A new opinion from the city attorney says there are ways the city could get around the policy that requires public art to be housed in not-so-public places, but it could open itself up to a lawsuit if it isn’t careful.
The city owns over 500 works of art, but some of its most expensive pieces are hidden in places most people will never see.
A new opinion by the city attorney says there are ways the city could get around the policy that makes that the case, but it could open itself up to a lawsuit if it isn’t careful.
Right now, the city requires 2 percent of the cost of city construction projects to pay for public art. So when pricey new water treatment plants are built, they include pricey new public art, too. But since water facilities are mostly closed to the general public, not many people end up getting to appreciate that art.
After Voice of San Diego wrote about the issue, Councilman David Alvarez asked City Attorney Mara Elliott to find out whether the city could move those artworks to more public places. Two water facility projects are currently in the city’s pipeline, accounting for about $1.3 million in funds available for new public art.

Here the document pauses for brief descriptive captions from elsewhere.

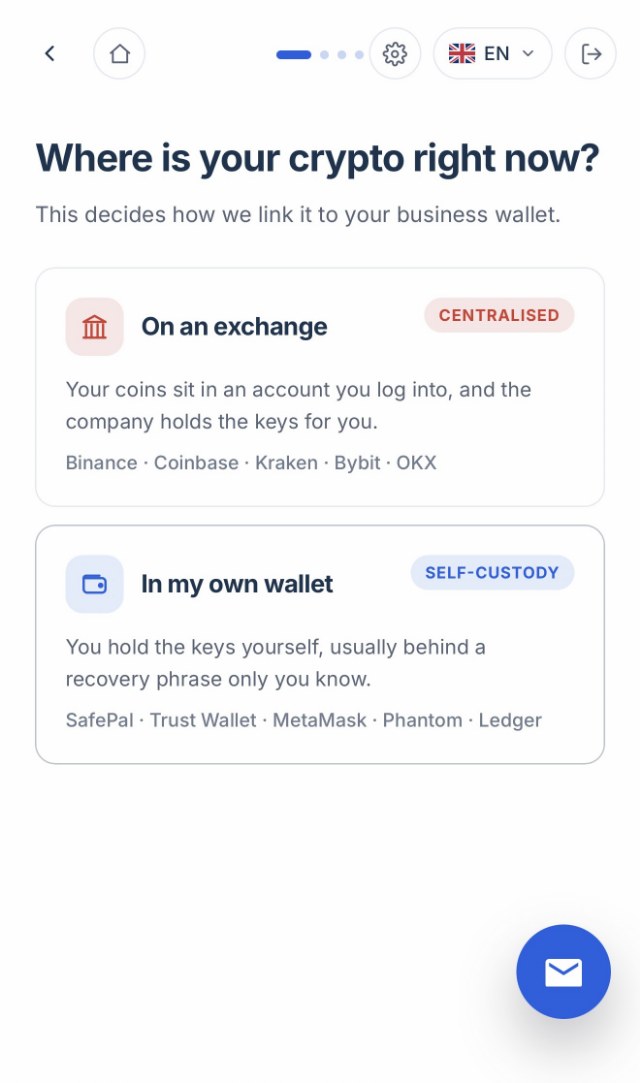 The question Where is your crypto right now, offering On an exchange or In my own wallet, with neither selected.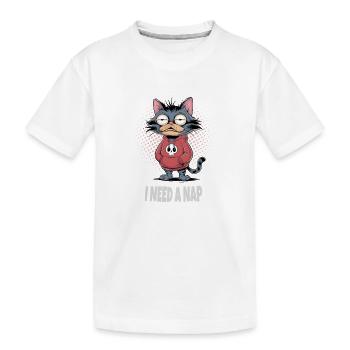 I Need A Nap Müde Katze  - Kinder Premium Bio T-Shirt - Weiß - Vorne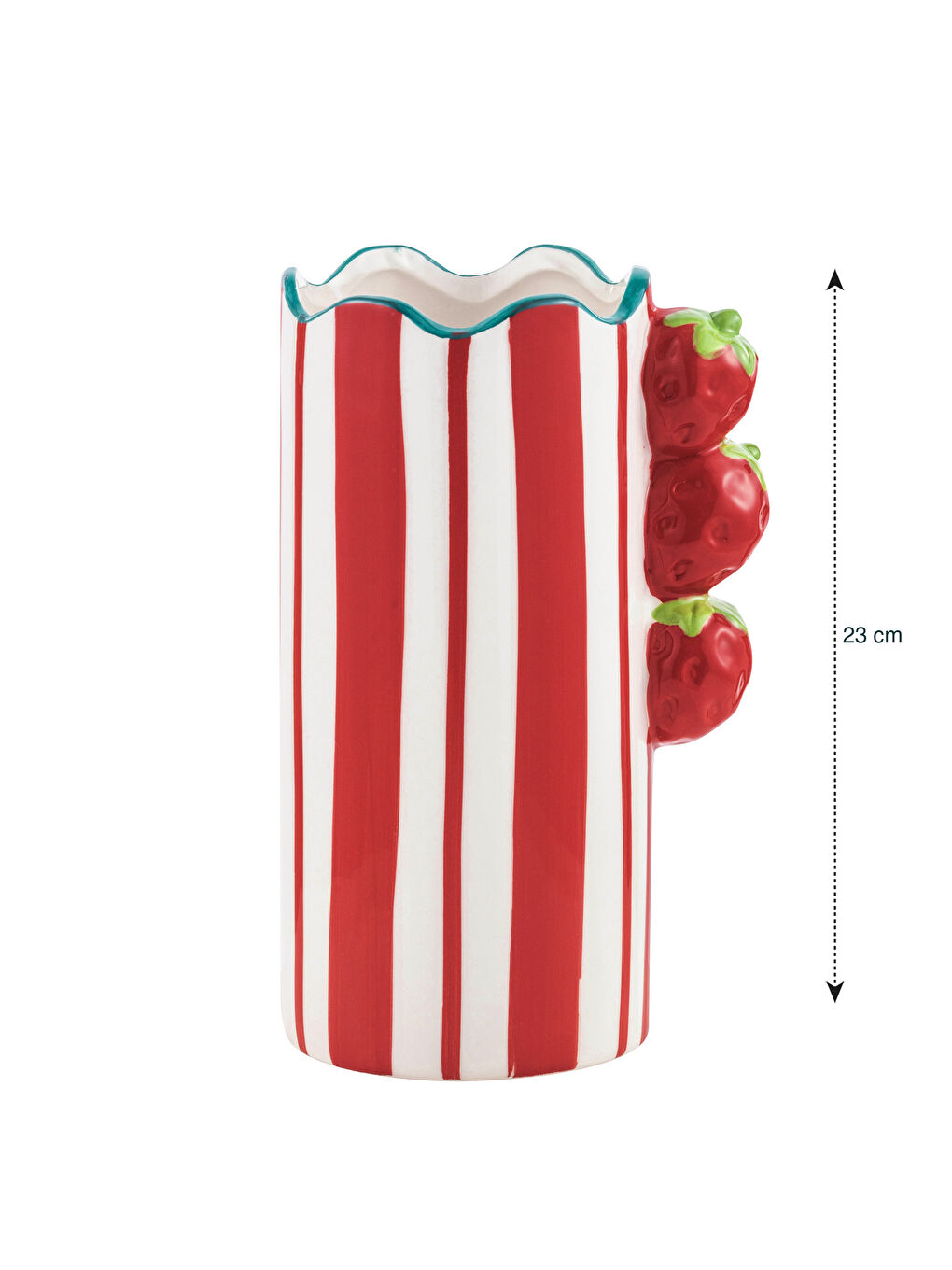 Karışık Çilek Desenli Seramik Vazo 23 cm-3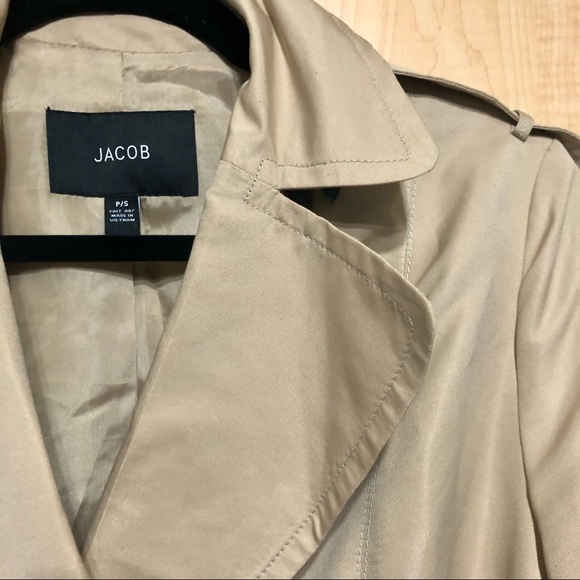 Beige lightweight short trench coat/Jacob/Size S - Picture 4 of 8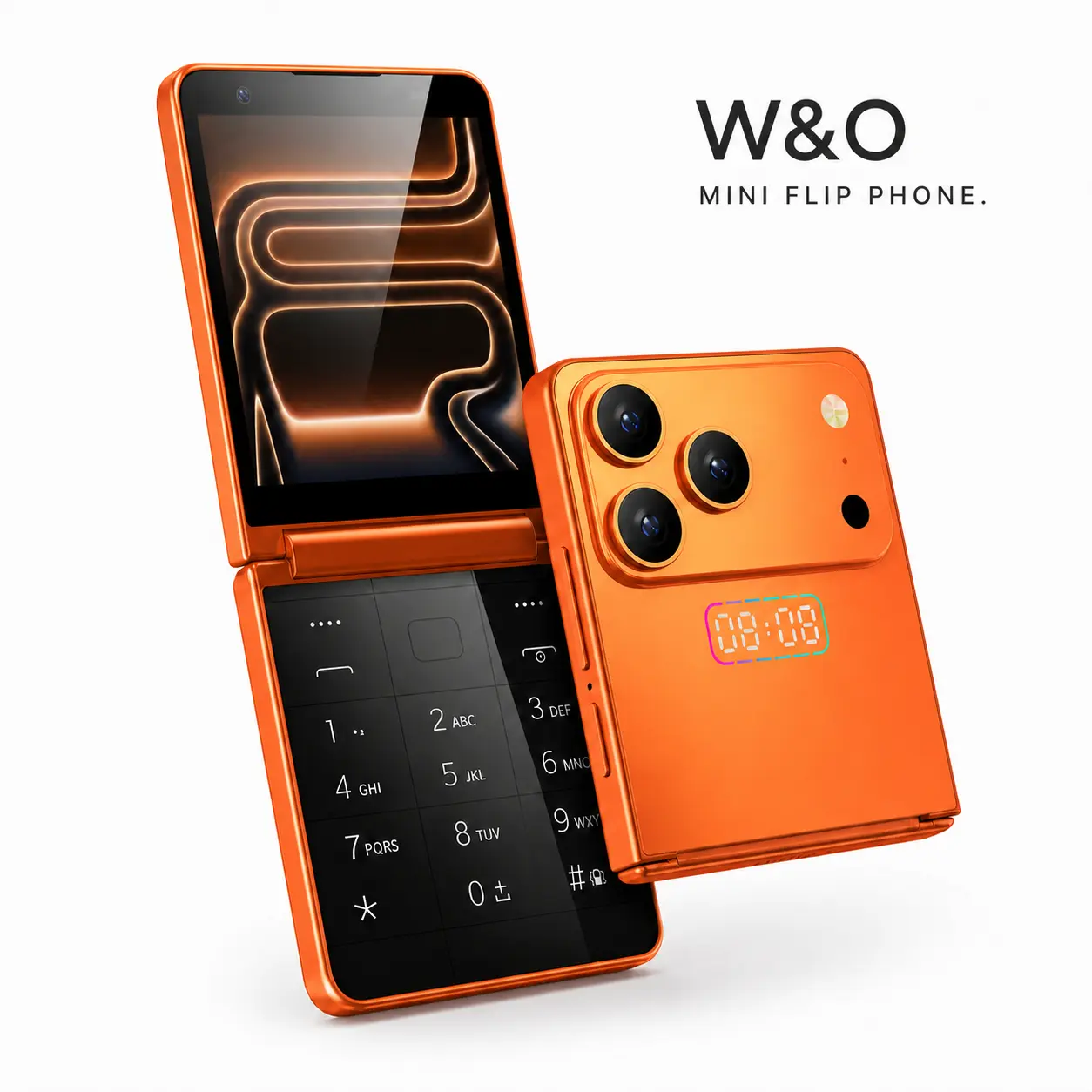 W&O G15 Mini Foldable Flip Smartphone, Android 15, 4GB RAM + 64GB Storage, 3.4" HD IPS Touchscreen, 4000mAh Battery, 5MP Front & 8MP Rear Camera, Dual SIM Compact Pocket Cellphone for Everyday Use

In a response, the city attorney said the public art component of those projects should be located at the water facilities most of the time. Putting the art in a more publicly accessible place, the opinion said, could risk violating Prop. 218, a state law saying the city can’t profit from selling water and ensuring all water-related taxes and most fees are subject to voter approval.
But the opinion includes a caveat. Public art could be moved offsite if there’s a legal connection between the artwork and providing water service – such as educating the public about water conservation. The exception, though, has its own exception: The city can’t just use water conservation as a pretext to install artworks that would just benefit the general public.
In other words, it’s possible to put art in more publicly accessible places, but the city needs to be careful not to open itself to lawsuits for violating Prop. 218.
Public art experts and administrators elsewhere in California have figured out how to put art paid for by water facility funds in more publicly accessible places.
Barbara Goldstein, a public art expert who works with municipalities across the country, said having the artists make work that educates the public about water is a method that works in other cities and counties in California, but it comes down to how each jurisdiction sees Prop. 218.
“It really is a matter of how any particular city attorney wants to interpret it,” she said.
Tim Bittle, director of legal affairs for the Howard Jarvis Taxpayer’s Association, the tax group that sponsored Prop. 218, said he didn’t disagree with Elliott’s opinion.
“I think it’s wrong to blame Prop. 218 for the public not having better access to art,” he said. “If Prop. 218 applies at all, it probably says you can’t have water customers paying for public art at all.”
Last year, when I asked then-City Attorney Jan Goldsmith’s office if Prop. 218 meant public art had to be located at water facilities, the unofficial response was different than Elliott’s formal one.
“Proposition 218 is silent on the subject of art,” wrote Gerry Braun, the city attorney’s communications director, who is now Elliott’s chief of staff.
Goldstein said the city’s arts commission needs to work with its Public Utilities Department to solve the problem. Simply putting public art on the perimeter of a water facility isn’t enough, she said.
“The public art program manager could sit down with the water department,” she said. “It really is important to build a strong relationship and partnership and come up with creative solutions.”
Last year, I asked Brent Eidson, a staffer at the city’s Public Utilities Department, if the department would put up a fight about losing the art from its construction projects.
“Do I think this is beautiful?” he asked, motioning toward an art installation by Robin Brailsford at the Miramar Water Treatment Plant. “Absolutely. Is it necessary for this plant to perform its function? No.”
He said Prop. 218 would make it difficult to relocate the art, but the inaccessibility of art at public utilities was a big enough concern that there’s a proposal to build a wing of the new Pure Water North facility that would be more open and accessible to the public. He said putting public art in that part of the project would make sense.
“We’re really interested in public art that has that educational component about water in it, and we’re specifically [hoping to] design the next facility to incorporate that,” he said.
The city’s public art committee has selected artist Christian Moeller to come up with art for the Pure Water North water recycling facility and given him a budget of about $975,000. Artist Rob Ley has a budget of roughly $340,000 for a public art at project at the new Chollas Water Operations Facility in Oak Park, a neighborhood that’s home to just one piece of public art.
One option that could bypass Prop. 218 concerns, at least for the Pure Water project, is if the public art is placed at the new Morena Boulevard pump station, which will be located near the Humane Society and is being built as part of the new Pure Water system.
Alvarez chairs the Environment Committee, which oversees water projects. At a meeting Thursday, he said he would bring up the city attorney’s new opinion and ask the city’s Public Utilities Department to work with the Commission for Arts and Culture to make sure as many people as possible see the new artworks.
“I think there’s a huge benefit to public art in our community, but only if it’s public,” he said. “So we’ve got to find a way to make public art more accessible.”